From my perspective, Twitter has a really really interesting technical problem to solve. How to store and retrieve a large amount of data really really quickly.
I am making some assumptions based on how I see twitter working. I have little information about how it is architected apart from some posts that suggests that it is running ruby on rails with MySQL?
Twitter is in the rare category where there is a very large number of data being added. There should be no updates (except to user information but there should be relatively very small amount of that). There is no need for transactionality. If I guess right, it should be a large amount of inserts and selects.
While a relational database is probably the only viable choice for the time being, I think that twitter can scale and perform better if all the extra bits of a relational database system was removed.
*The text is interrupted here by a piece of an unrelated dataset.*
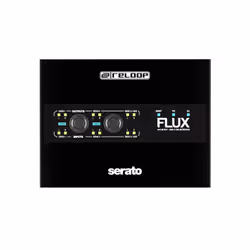 Reloop Flux, 3.0 canaux, 24 bit, USB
I love challenges like this. Technical ones are easier 😉
If I didn’t have a lifetime job, I would prototype this in a bit more depth. Garry pointed me in the direction of Hadoop. Having had a quick look at it, it can take care of the infrastructure, clustering and massive horizontal scaling requirements.
Now for the data layer on top. How to store and retrieve the data. HBase is probably a good option but doing it manually should be fairly straightforward too.
From my limited understanding of twitter, there are two key pieces of functionality, the timelines and search.
The timelines can be solved by storing each tweet as a file within a directory structure. My tweets would go into
The filename would be <username>-<timestamp>
For the public timeline, you just have a similar folder structure, but with the timestamp, for example, the timestamp 1236158897 would go into the following structure as a symlink
For search, pick up each word in the tweet and pop the tweet as a symlink into that folder. You could have a folder per word or follow the structure above.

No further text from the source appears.